I recently stumbled on a NY Times article about the uselessness of the job interview. The article described a situation where an interview panel hired a candidate based on their misperceptions rather than the truth. While I disagree with the reporter’s views and the relevance of the research cited to job interviews, I agree that interviews are often based on subjective data rather than the truth about your candidates. Buried at the end of the article, the reporter attempted to give advice on how to conduct an effective job interview. It’s clear that the reporter is not an expert in recruiting and his amateur advice does more harm than good.
The good news is there is a way to conduct interviews that reveal the truth about your candidates. That’s why I’m sharing my irresistibly easy ways to learn the truth by using Insightful Interview™ questions.

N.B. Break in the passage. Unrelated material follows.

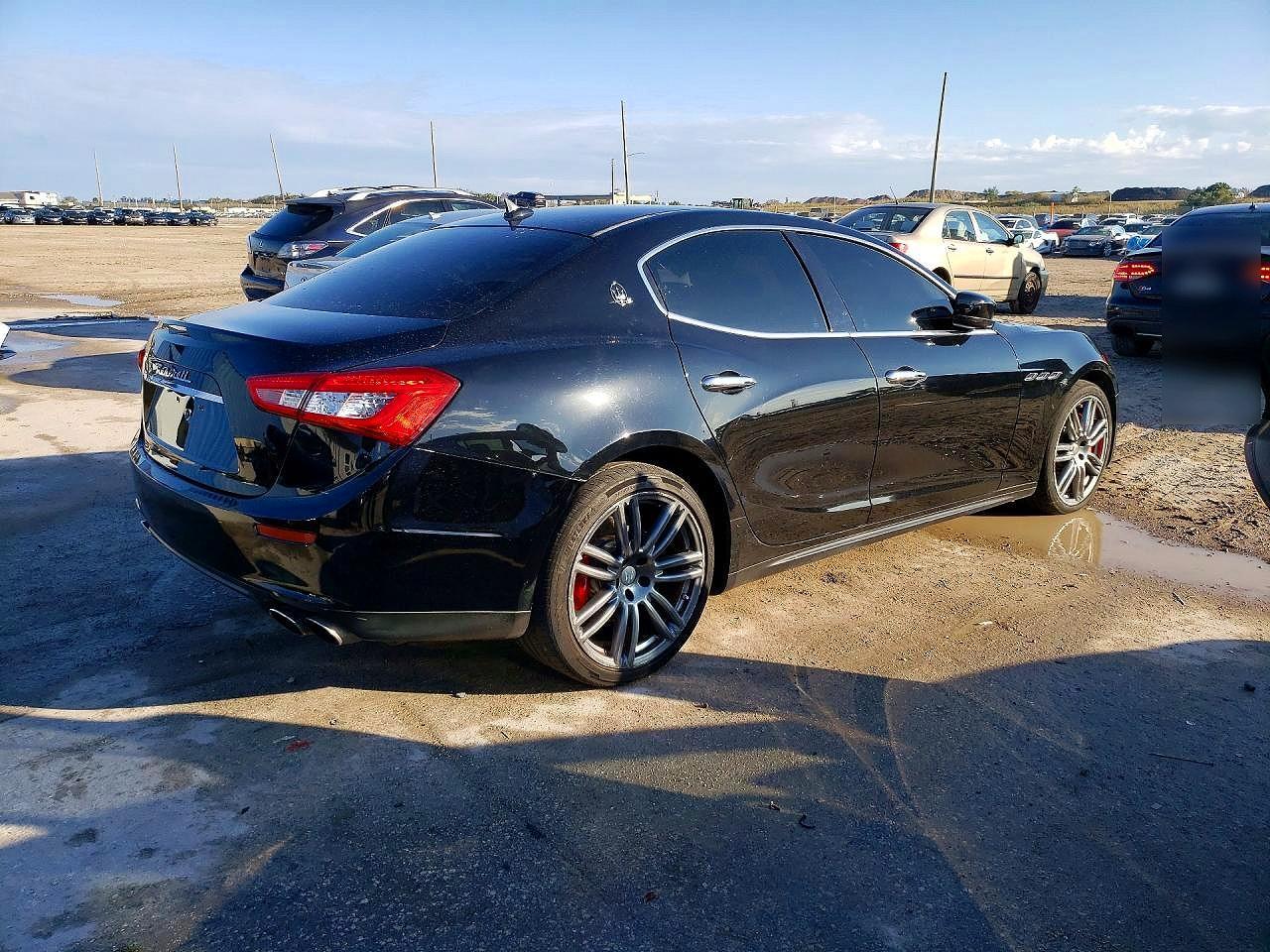 2014 Maserati Ghibli s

Interviews are the single most important piece of the hiring process, yet it’s the one piece that most of us fail to do well. The most common mistake is failing to ask candidates questions that reveal their true attitudes, behaviors, and skills. Instead. We rely on traditional questions like those used in the NY Times article—tell me about yourself, what are your strengths and weaknesses, or where do you see yourself in five years? Those questions are a waste of time for you and your candidate.

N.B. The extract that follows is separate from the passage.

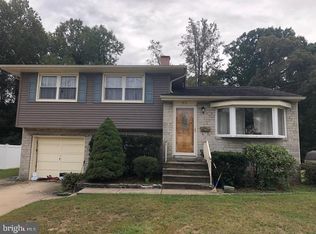 43 Beaver Dr, Barrington, NJ 08007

Because these interview questions have been used forever, savvy candidates have researched the “correct” answers and have learned to tell us what we want to hear. We think we’ve outsmarted candidates by asking behavioral-based questions like tell me about a time when you solved a problem. Sounds better, but is it?
No, it’s even worse because we’ve told our candidate we want to hear about success. But what about all the times they didn’t try to solve the problem? What about the times they failed?
Candidates have a single goal: to persuade you to hire them. To achieve their goal, they will tell you what they think you want to hear. Applicants try their best to avoid alienating you or causing you to pass them over in favor of someone else.
Your goal is to learn the truth about how the candidate will fit your team and perform on the job. This requires strategic thinking about the information necessary to make an informed decision. The most powerful recruiting tool I know is getting answers from candidates that reveal the truth about how they will perform on the job. That’s the purpose of Insightful Interview™ questions.
Here are five tips to get you started:
1.Make sure the question is one you can legally ask in an interview.
According to a CareerBuilderTM survey, one in five employers asks an illegal interview question. These include questions related to legally protected classes like race, age, gender, and so forth.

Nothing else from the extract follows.